Central Banks' Unprecedented Gold Buying Spree Signals Shift in Attitude and Motives
Authored by GoldFix ZH Edit
Macro analysts now see Gold and the changes gripping societal money on their radar and are writing about it. Sunday we synopsized a good one: Goehring & Rozencwajg's Gold Commentary.
Yesterday we read AOTH's Gold revaluation & the hidden motive behind central banks’ gold buying by Richard Mills. It also was good. It is quite detailed in that the author fleshes out the European logistics involving a potential Gold revaluation. Several have noted G7 Central Banker unity has frayed this past year and therefore we cannot help but think the GRA discussion will become a monetary game of chicken between the ECB and the US Fed.
We humbly suggest reading our 500 word summary below, then the original for more detail.
- Shift in Attitude
- Gold as a Buffer for Losses
- Potential Use of GRA
- Implications for the Banking System
Central banks worldwide have been increasing their gold purchases, with a record-breaking 228 tonnes bought in the first quarter of this year alone. This trend follows a year of exceptional gold purchases in 2022, indicating a significant shift in central banks' historical attitude towards the precious metal.
The motivations behind this gold buying spree go beyond the traditional reasons of hedging against economic turmoil and diversifying away from currencies and bonds. This article explores the evolving motives behind central banks' gold purchases and the potential impact on their balance sheets.
Shift in Attitude:
Historically, central banks were net sellers of gold. However, since the 2007-08 financial crisis, central banks have become net buyers, with approximately 80% of central banks currently holding gold as part of their international reserves. The change in attitude can be attributed to the metal's perceived value as a safe haven asset and its ability to protect against geopolitical risks and inflation.
Emerging market and developing economies, including Russia and China, have been at the forefront of gold buying, accounting for about half of the total tonnage bought over the past two decades. With regard to the ECB and Fed we wonder, does it behoove the EU to revalue before the US gives the go ahead? Perhaps the ECB is waiting for that to prevent what could be increased antagonism between the institutions. Hard to say right now.
These countries aim to diversify their reserves away from the US dollar and protect against foreign seizures and potential Western sanctions. Gold enables them to replace the USD and circumvent financial restrictions when conducting international trade.
Gold as a Buffer for Losses:
One of the driving forces behind the increased gold purchases may be the desire of central banks to use the unrealized gains from gold holdings to write off sovereign bonds and cover losses. The significant rise in gold prices has resulted in central banks holding unrealized gains worth hundreds of billions of dollars.
By leveraging these gains, central banks can reduce their debt burdens and provide relief to their respective governments. Gold revaluation accounts (GRAs) offer a potential mechanism for recording these unrealized gains on central banks' balance sheets.
Potential Use of GRAs:
GRAs function as a way to account for unrealized gains in gold on a central bank's balance sheet. These gains can be used to balance out the increase in gold's value and inflate the bank's balance sheet.
While European Union regulations currently prohibit the use of GRAs, some European central banks, including the Dutch and German central banks, have hinted at the possibility of leveraging these accounts to address solvency issues. However, the US Federal Reserve faces challenges in revaluing gold due to its implications for the dollar's reserve currency status.
Implications for the Banking System:
The US banking system is facing significant risks, with unrecognized losses on bank balance sheets estimated to be as high as $1.7 trillion. Central banks play a crucial role as the lender of last resort, and their balance sheets would be affected by these losses.
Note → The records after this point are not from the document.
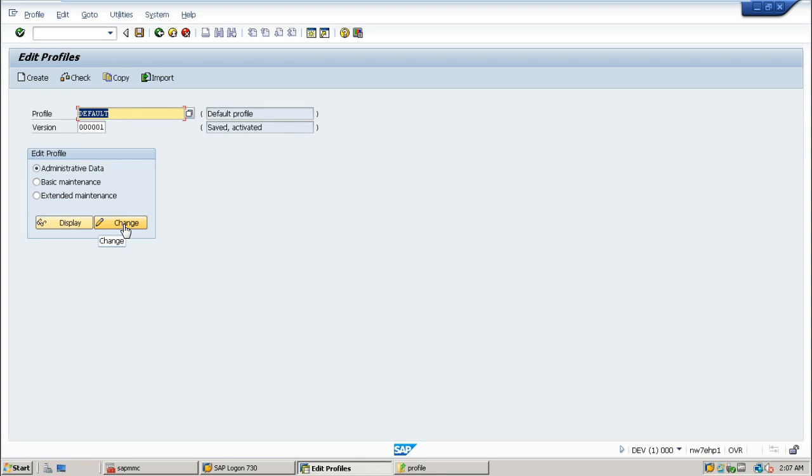I hope you understood how to import profiles inside SAP system in this video. So that's all. Thanks for watching.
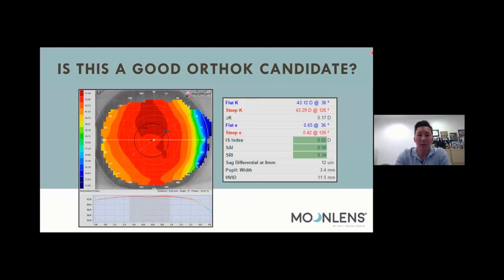Topography is very important related to the Moon Lens because you're going to use the raw data from the instrument to design a highly customized lens — a lens designed to be accurate to the micron for all of its sections. We really want good topography data to achieve the highest first-fit success that we possibly can. Let's start with a case. Here's your baseline topography. This patient came in to see you and wants to have orthokeratology done — you're going to assess this topography and decide if they're a good or bad candidate.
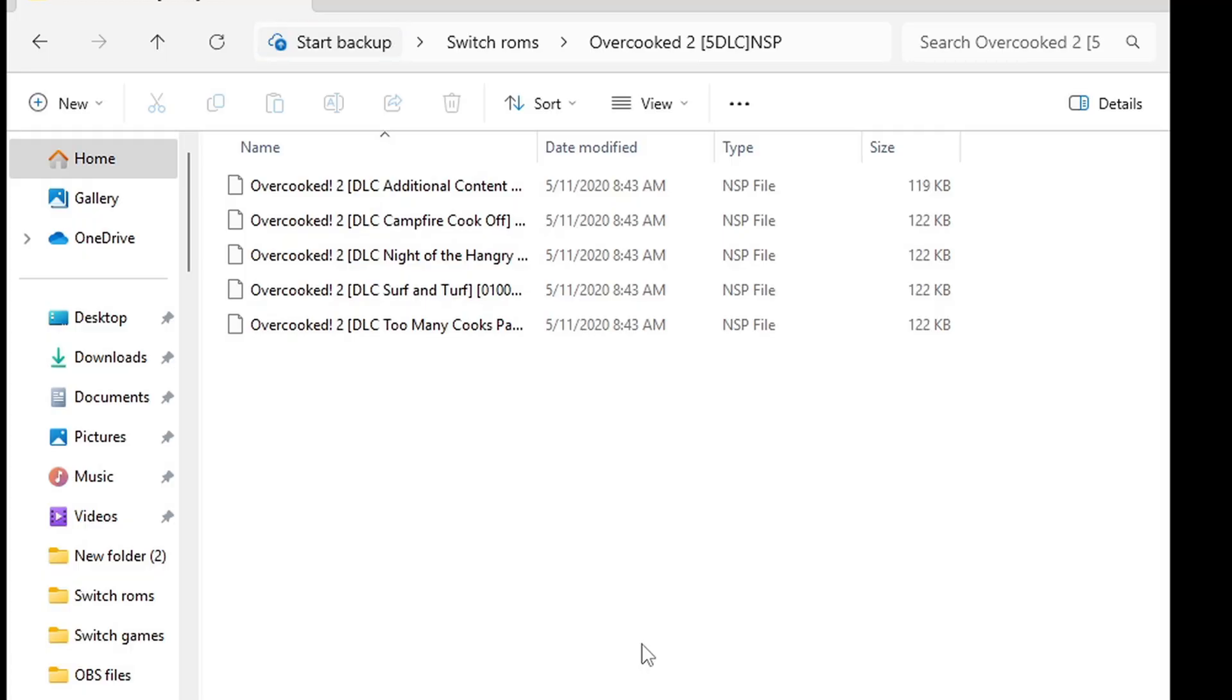Now I am sorry guys, I cannot tell you where to get Switch ROMs. You can do some searching for yourself. I'm pretty sure you will find some, or you can check out my Patreon page. Link in the description and I have some videos there that can help you out with this.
The US Federal Reserve's ability to address these losses is limited, given the potential negative impact on the dollar. A revaluation of gold could offer a solution, but it presents challenges and requires careful balancing of assets and liabilities on the central bank's balance sheet.
Central banks' increased gold purchases signify a paradigm shift in their attitude towards the metal. The motives behind these purchases extend beyond traditional reasons, such as hedging against economic turmoil and diversification.
Emerging market economies seek to reduce reliance on the US dollar and protect against financial restrictions, while central banks may consider leveraging gold's unrealized gains to write off sovereign debt.